En una entrada reciente de este su blog, Hurri Carter decía: “En los 80 también hubo cosas cojonudas” . Con buen criterio, un habitual de los comentarios le contestaba allí mismo: “En los 80 hubo muuuuuuuuuuuuuuuuchas cosas buenas”. Y su buena razón tiene, porque los años 80 fueron, en su mayor parte, indigeribles, pero de ahí a dar por hecho que todos los frutos de aquella década fueron ominosos va un trecho.

¿Se les ocurre algo más ochentero e "irresístibol" que esto?

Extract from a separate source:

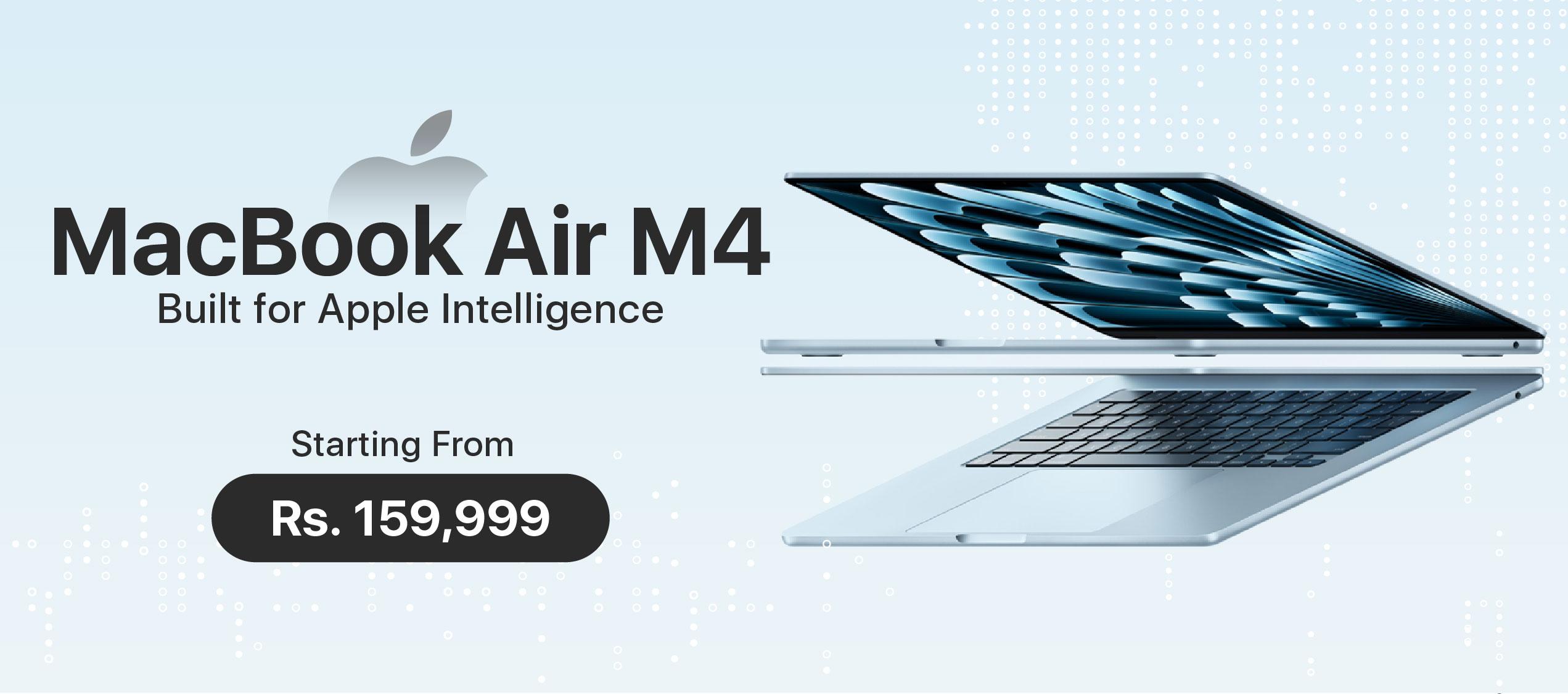 Macbook Air M4 Price Drop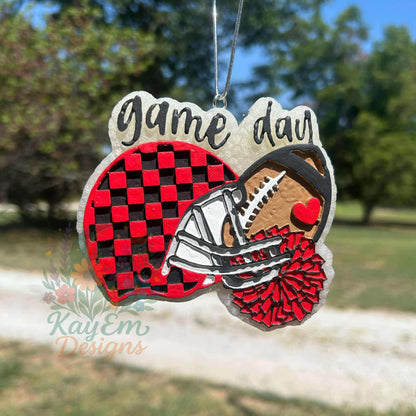 Game Day (list your colors)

Me explico: los años 80 cargan con una mala fama, a mi juicio, más que merecida. Allí se cocieron, entre otras cosas, las hombreras, el reinado de la laca, los números uno de Mecano, el hair-metal, los programas de humor de Cruz y Raya y de Los Morancos, la guerra de portadas entre las tetudas de guardia, el coche fantástico, el italo-disco, Modern Talking o los conciertos para salvar el mundo (de todos es sabido que su máximo logro fue que volvieron turulato a Bono y lo convencieron de su dimensión mesiánica). Termino aquí la lista, pero ustedes saben que podría no acabarla nunca. Es más, si quieren utilizar los comentarios para enumerar más razones por las que deberíamos odiar los 80, les animo a hacerlo. Seguro que nos reímos todos.

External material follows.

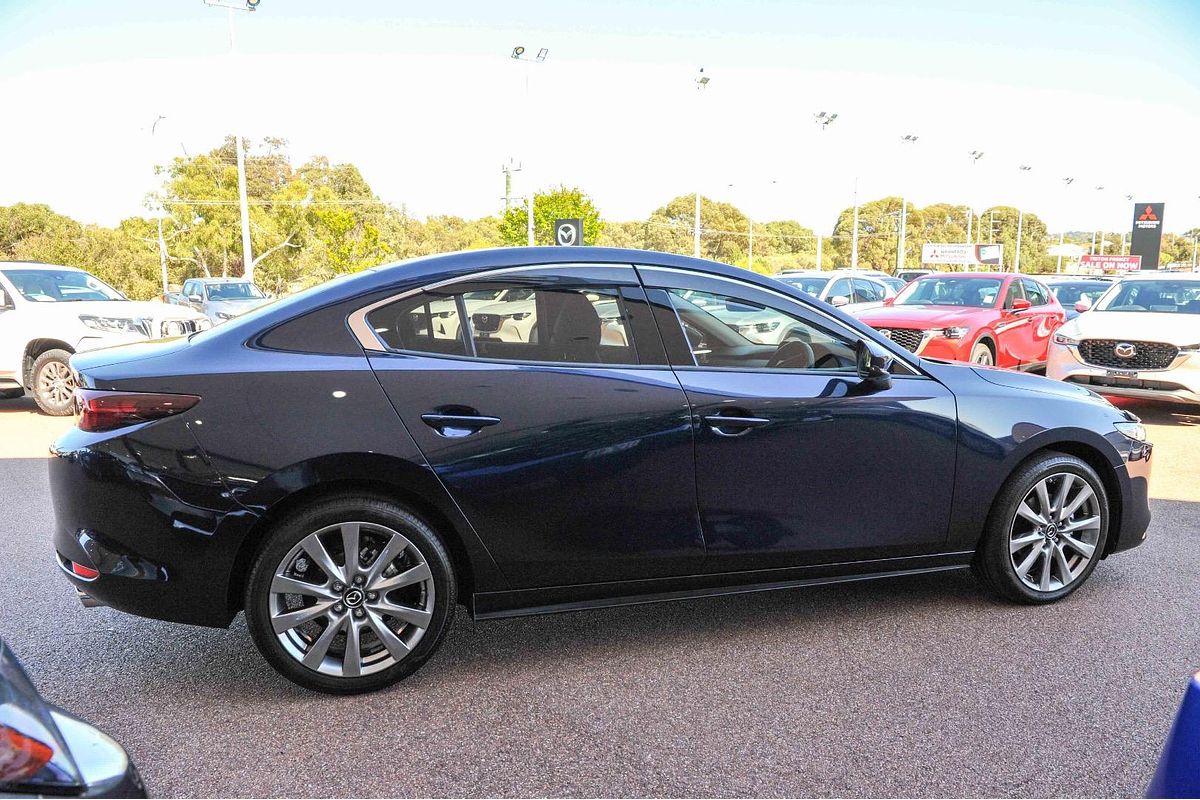 2022 Mazda 3 G25 Astina BP Series
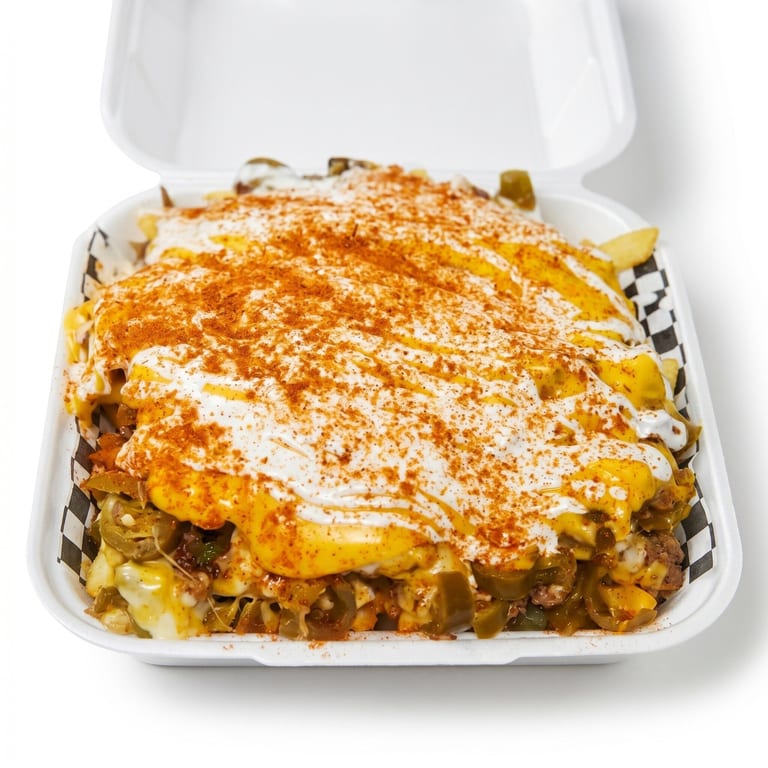 Fries That Steal the Show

En cualquier caso, si abro esta nueva serie es para todo lo contrario. En los ochenta hubo cosas buenas y muy buenas. Puedo decir unas cuantas sin esforzarme. Así que, digo yo, que si los miembros de la redacción de Musikiki nos ponemos a ello, seguro que damos con cien legados ochenteros que dejen bien claro que en todas las épocas se cuecen habas. Hasta en aquéllas en las que José María Íñigo presenta un programa y cuela como sex-symbol.
Para arrancar la serie, voy a traerme del baúl de los recuerdos un pedazo de La bola de cristal. Es decir, no reivindico el programa en sí -que también podría- sino uno de los usos que Lolo Rico y sus secuaces hicieron del erario público. Me refiero a que ayudaron a que un montón de grupos nuevos, colegas y ajenos a la Movida Promovida Por El Ayuntamiento grabasen sus primeros videoclips. Entre ellos estaban, por ejemplo, Pablo Carbonell, Kiko Veneno, Malevaje (últimamente salen con cierta frecuencia en este blog), o Golpes Bajos.
De estos dos últimos combos, les dejo sendos vídeos cutres, molones y rodados con medios y pasta de RTVE.
De modo que el reto queda así: “Razones por las que salvar los años 80, como, por ejemplo, que RTVE sufragaba los vídeos de los músicos emergentes. Un, dos, tres, responda otra vez”.
Si quieren ayudarnos, sepan que sus sugerencias serán bien recibidas.